The enzyme reactions were stopped by adding 3 × 100 μl of EtOAc. The EtOAc phases were concentrated to dryness after collection by centrifugation for 5 min at 12,000 rpm. The product mixtures were dissolved in 50 μl of methanol and analyzed by an Agilent series UPLC 1290 instrument with an Agilent 6500 Accurate-Mass Q-TOF system (Agilent Technologies). A Zorbax Eclipse Plus C₁₈ column (Rapid Resolution HD; 2.1 mm × 50 mm, 1.8 μm; Agilent) was applied for analysis at a flow rate of 300 μl min⁻¹ with gradient elution (the mobile phase consisted of solvent A [water] and solvent B [methanol]). The gradient program was as follows: 0 to 2 min (8% B), 3 min (8 to 45% B), 4 to 6 min (45 to 55% B), 7 to 10 min (55 to 100% B), and 11 to 14 min (100% B). This method was used to analyze the products of 4-hydroxy-benzenemethanol and 4-hydroxy-benzaldehyde reactions catalyzed by Vib-PT.
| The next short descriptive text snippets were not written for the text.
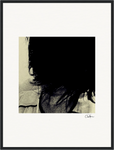 Shadow of Self Framed print 45x60 cm / 18x24″ Black frame 53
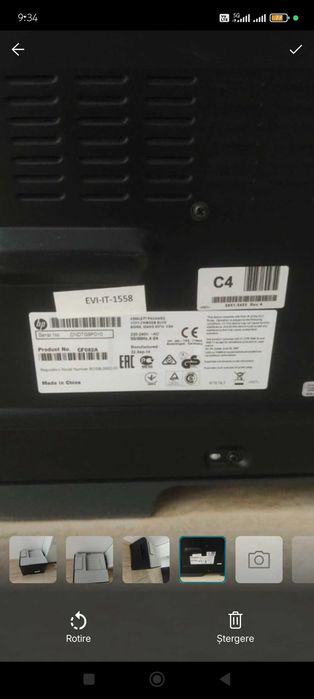 imprimantă color laser HP LaserJet Enterprise 500 M551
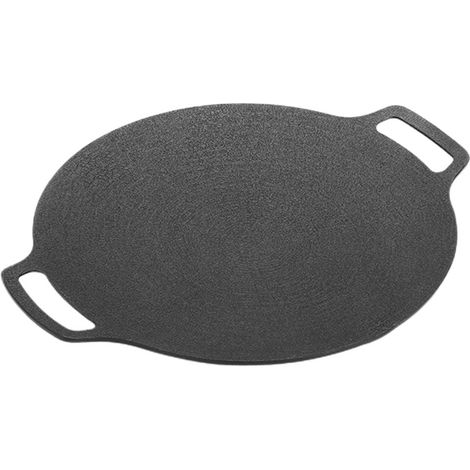 Petite poêle à griller portable universelle Maifan avec revêtement en pierre pour barbecue intérieur et extérieur, camping et pique-nique-AquaForge (1/5)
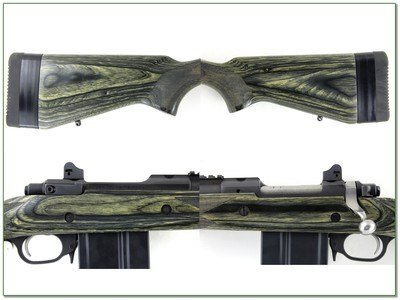 Ruger Gunsite Scout 308 Win Rare LH Laminate 16.5” Rifle 2012 Excellent - Image 2 of 4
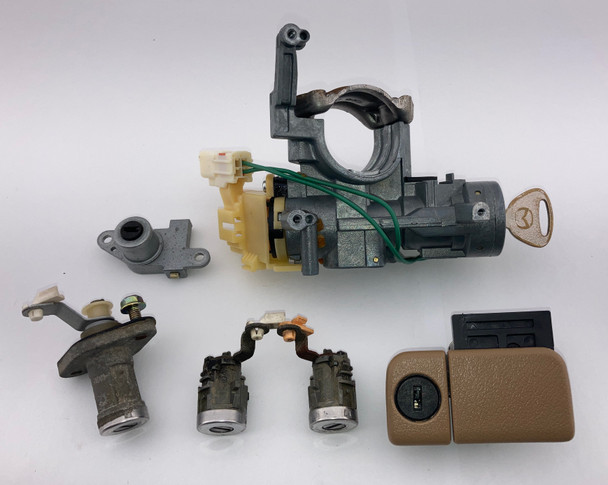 1999-2000 Mazda Miata Ignition Switch w/ Key / Lock Set / Manual  /   NB264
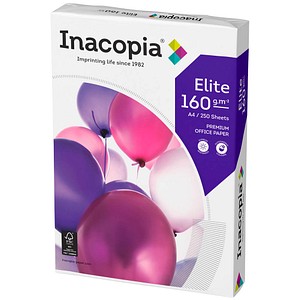 5602007426163 - Kopierpapier INC1600043 A4 160g hochweiß  5602007426163 250 Blatt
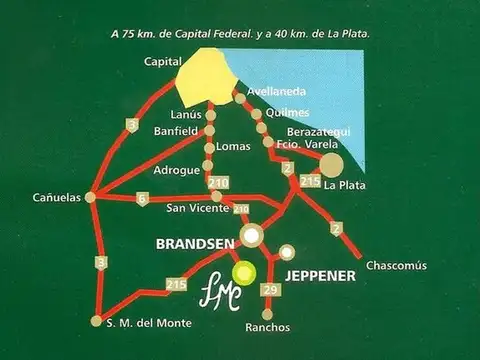 Terreno en Venta de 6677,0 m2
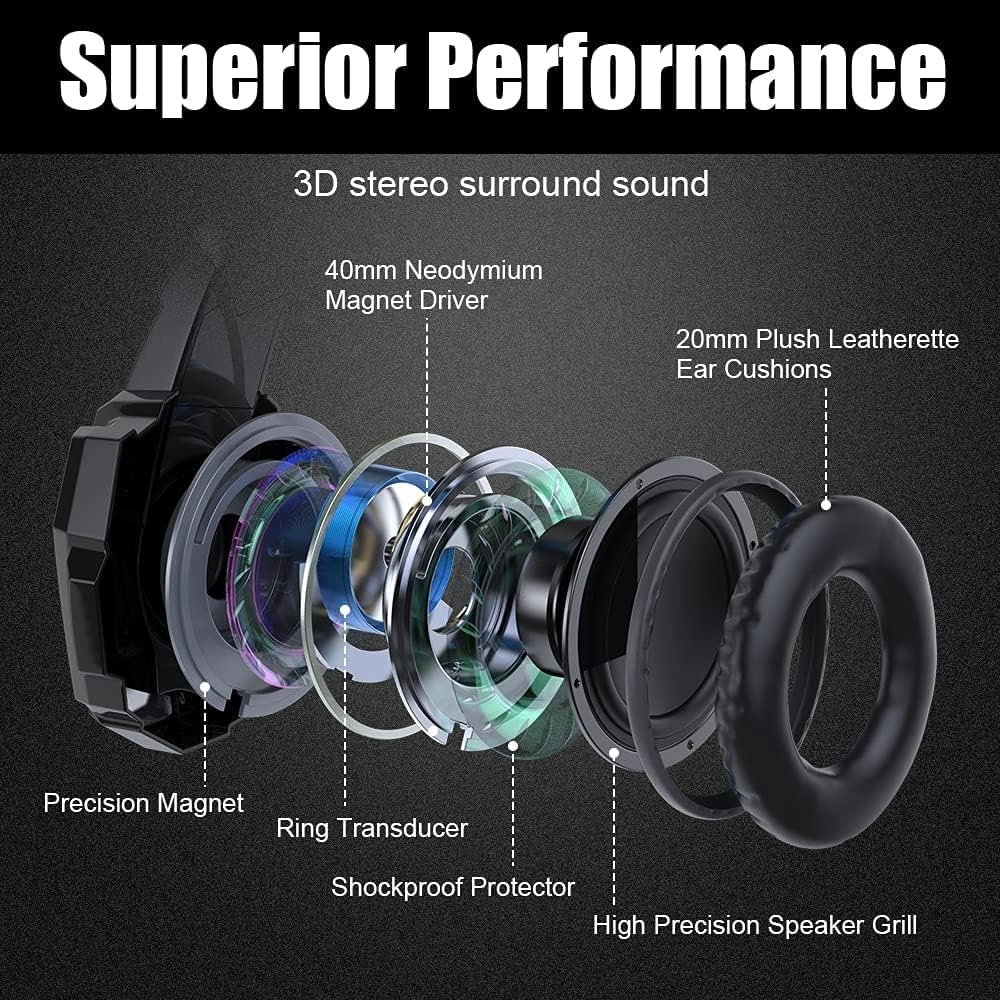 G9000 Wired Headset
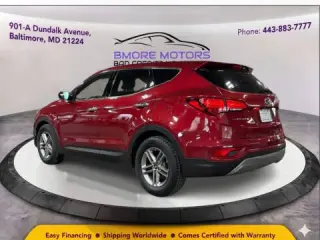 2018 Hyundai SANTA FE Sport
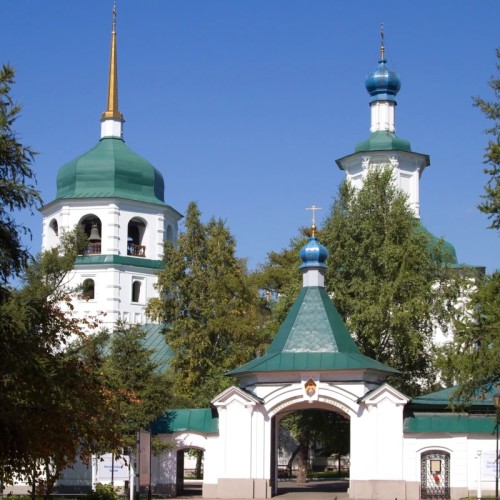Живая история Иркутска: познавательная экскурсия на автомобиле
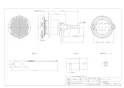 カクダイ 415-218 商品図面 一口循環金具(ペア耐熱管用･S･L兼用) 10A 商品図面1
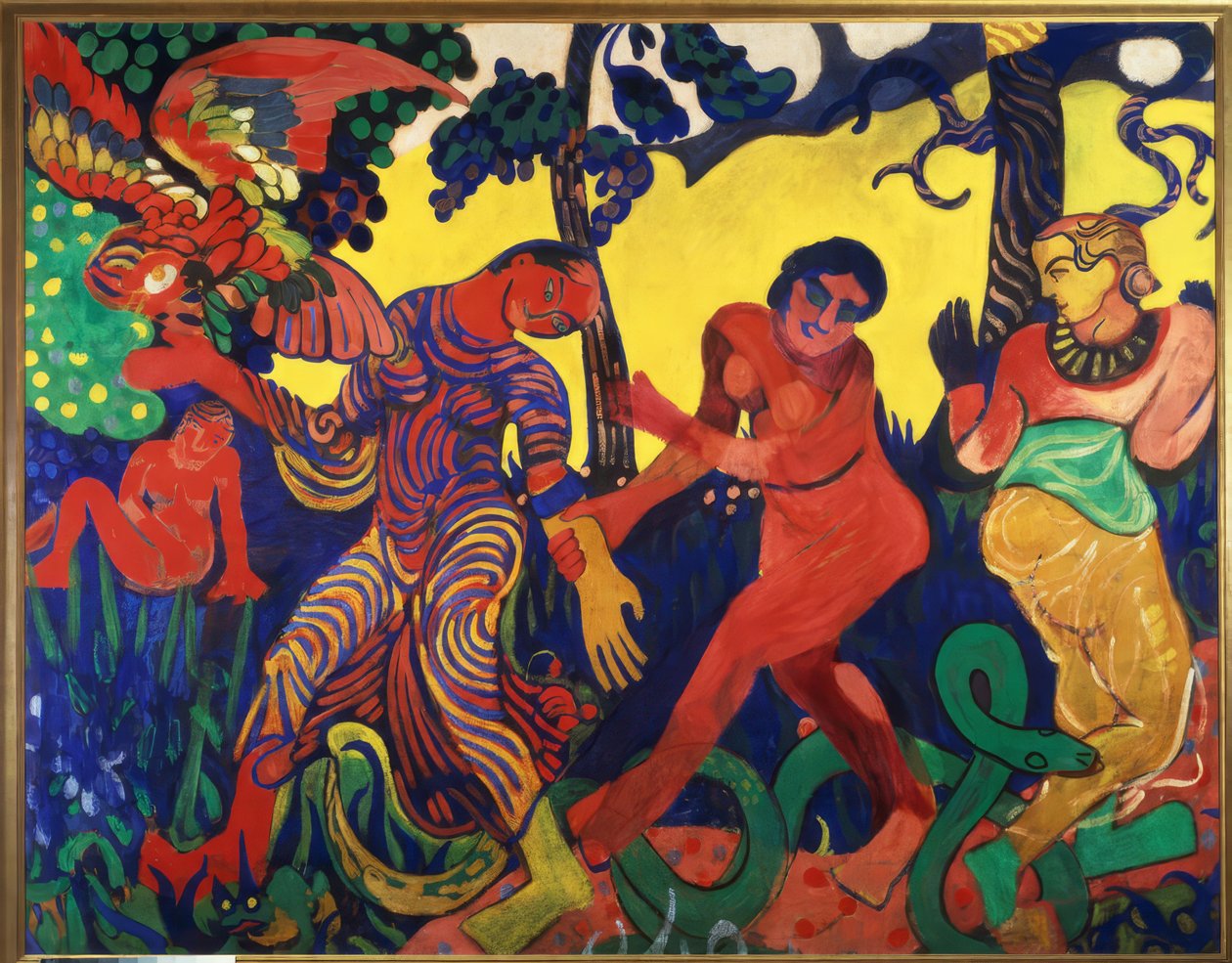 Tanssi tekijältä Andre Derain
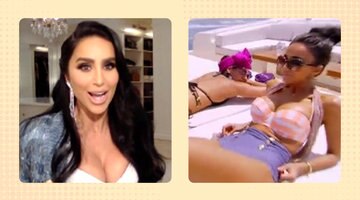 Lilly Ghalichi's Dad on Her Joining Shahs of Sunset: "You Better Not Be in a Bikini!"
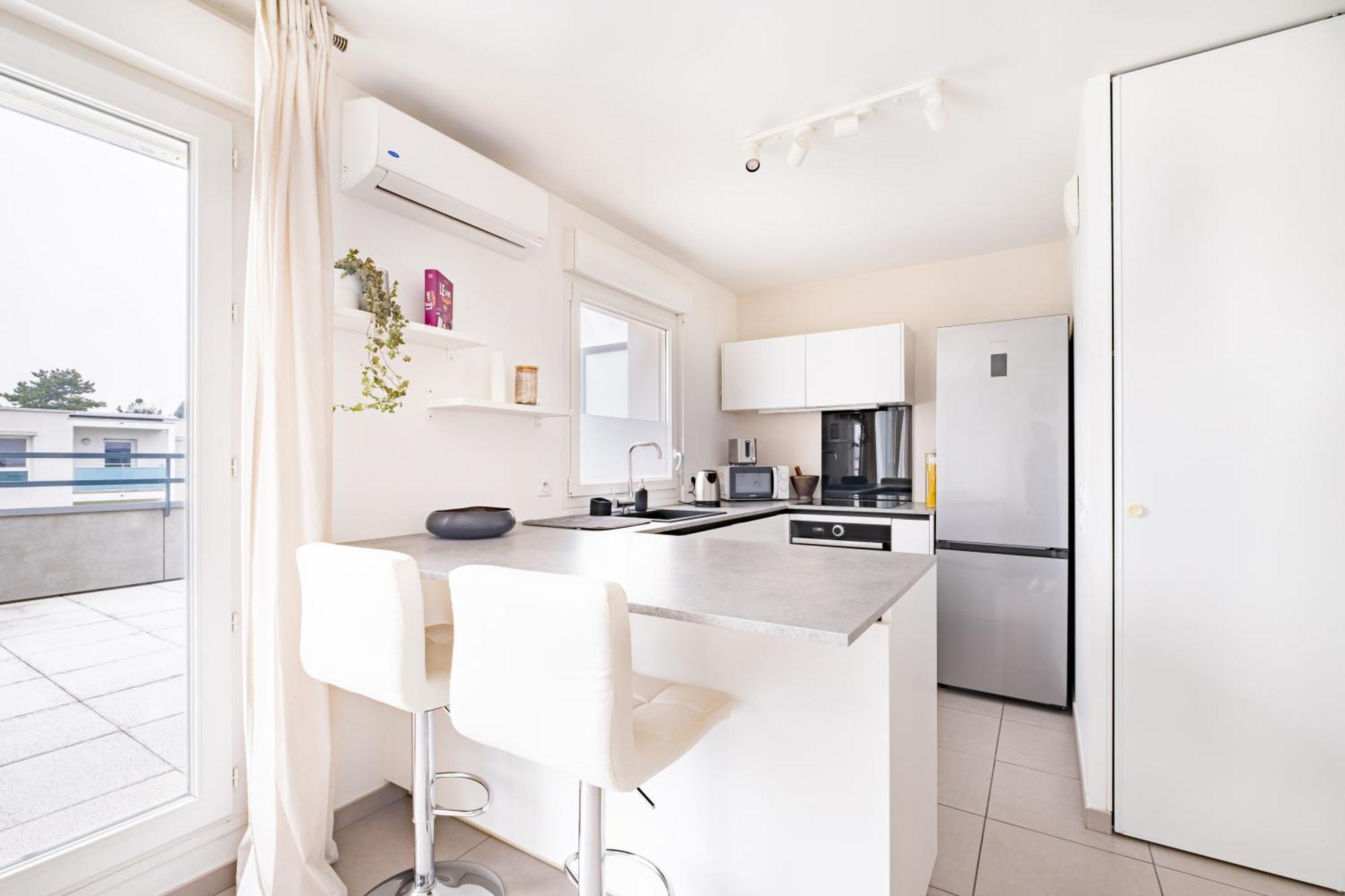 Appartement T2 Neuf - Grande Terrasse De 25M2 Сен-Пріє Екстер'єр фото
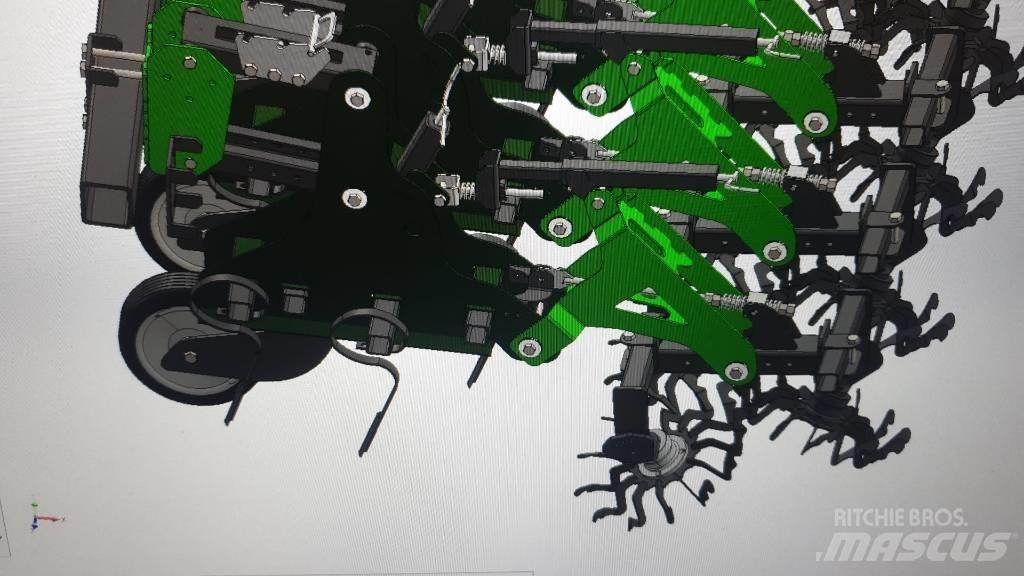 Awemak DRAGON TP 7 行栽作物中耕機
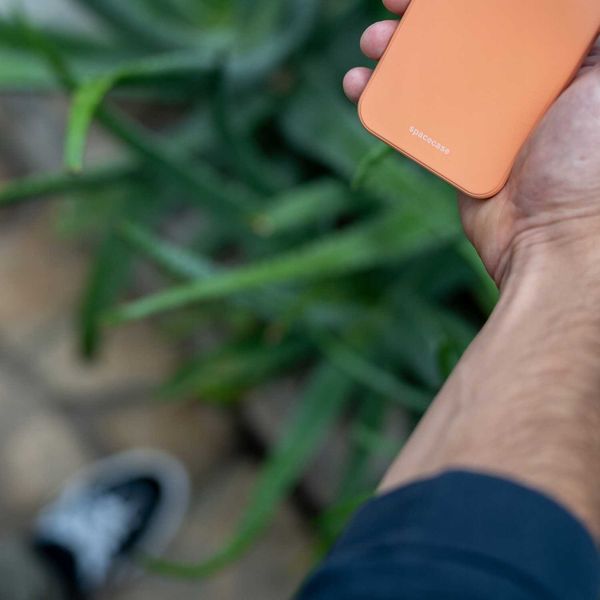 Spacecase Silicone Case Iphone 7/8/Se Orange zdjęcie 3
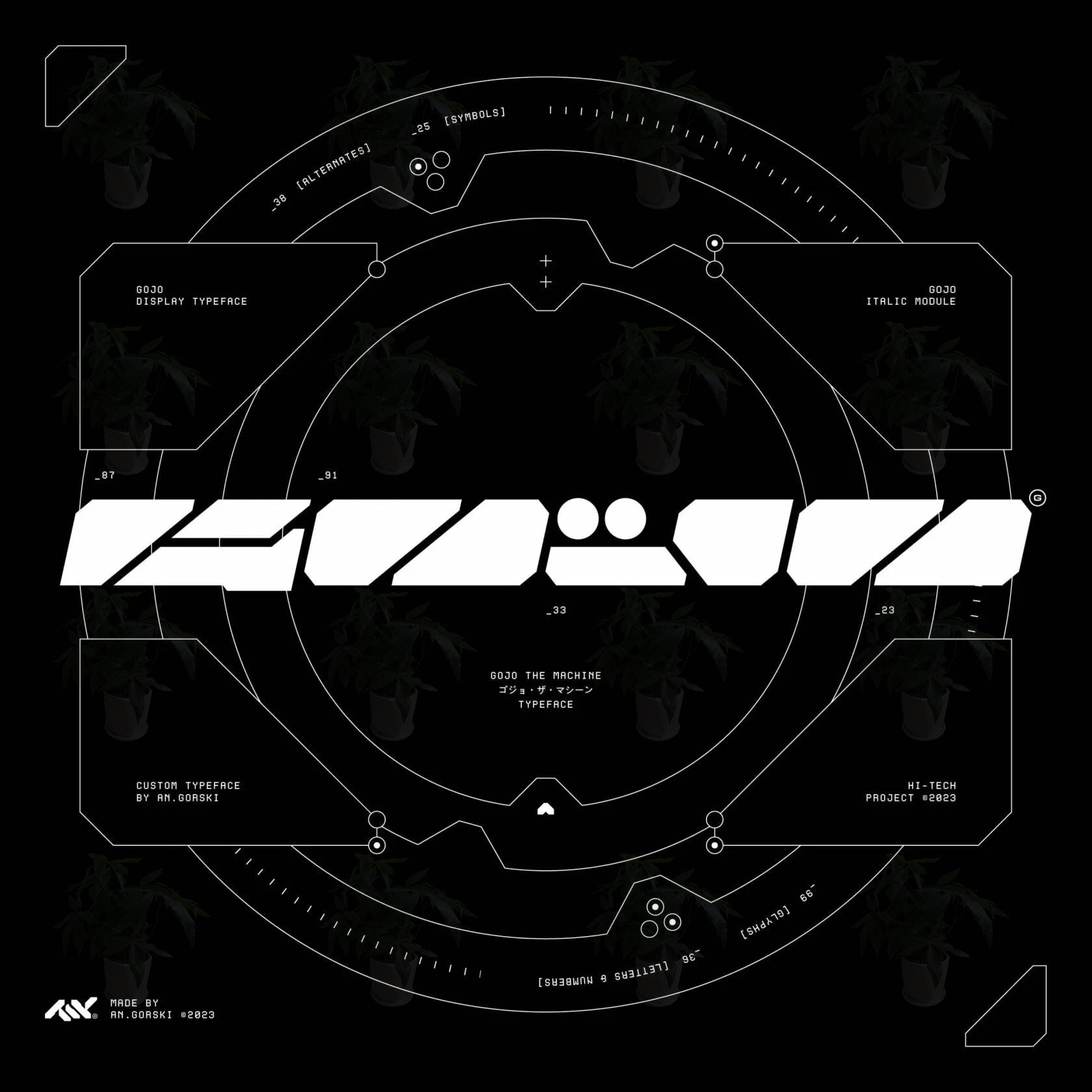 43 Sci-Fi Futuristic Cyber Fonts for PS/Procreate – Commercial Use $1 - pixelpenco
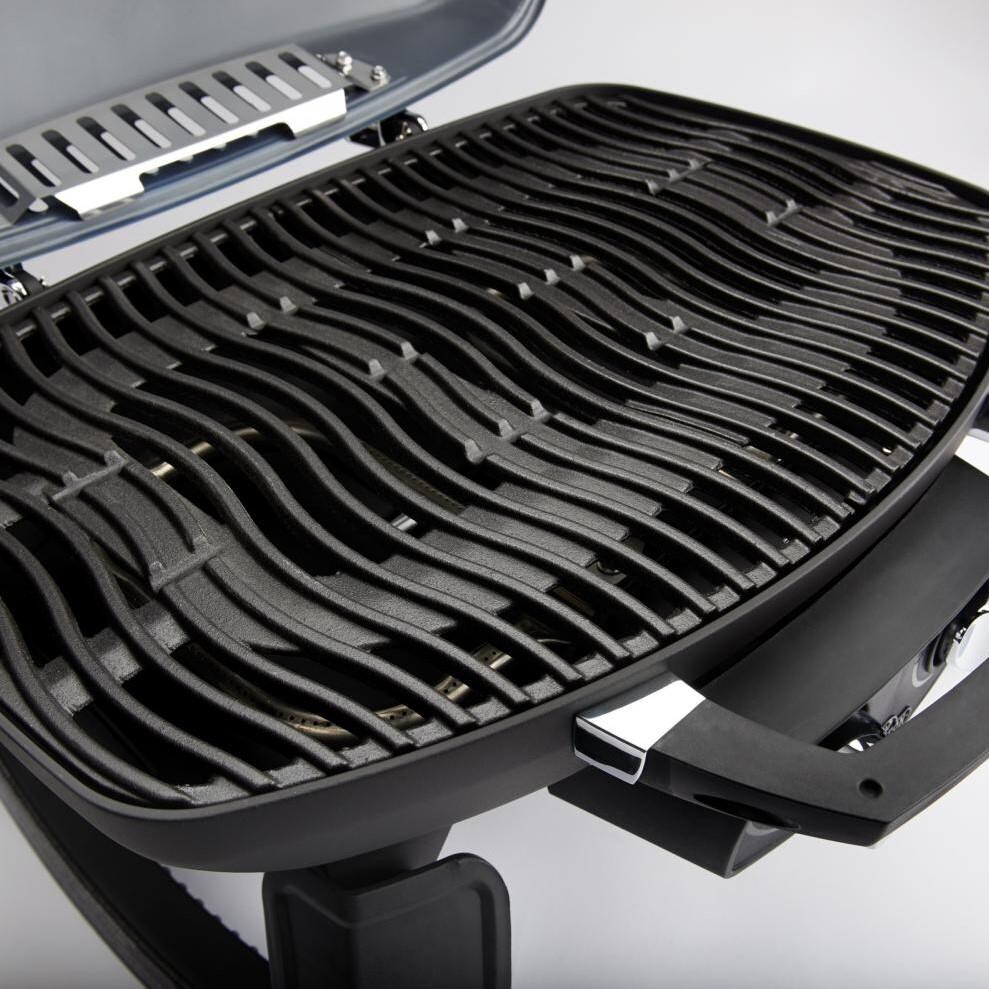 Napoleon TravelQ 285 Portable Propane Gas Grill With Griddle - Red - TQ285-RD-A - Cooking Grids thumbnail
The prenylated products of 3,4-dihydroxy-benzenemethanol, 4-hydroxy-benzoic acid, l-tryptophan, l-tyrosine, and l-phenylalanine were detected on a Thermo Scientific Dionex Ultimate 3000 UHPLC system with a Thermo high-resolution Q Exactive focus mass spectrometer (Thermo, Bremen, Germany). The injection volume was 2 μl, and the chromatographic column was Hypersil Gold (100 mm × 2.1 mm; Thermo Fisher Scientific), with a particle size of 1.9 μm. The mobile phase was a gradient prepared from a 0.5% formic acid aqueous solution (A) and methanol (B). The elution began with 35% B from 2 to 15 min, and the proportion of B was increased linearly to 98% at 10 min, kept for 5 min, brought back to 35% B at 20.1 min, and kept for 5 min for a total of 25 min. The flow rate of the mobile phase was maintained at 200 μl/min. Mass spectrometry was performed on a Thermo Quadrupole Exactive Focus system (Thermo Fisher Scientific). The products were analyzed under negative-ion mode. The optimized conditions were as follows: sheath gas, 35 liters min⁻¹; auxiliary gas (Ar), 10 liters min⁻¹; and capillary potential, 2.5 kV.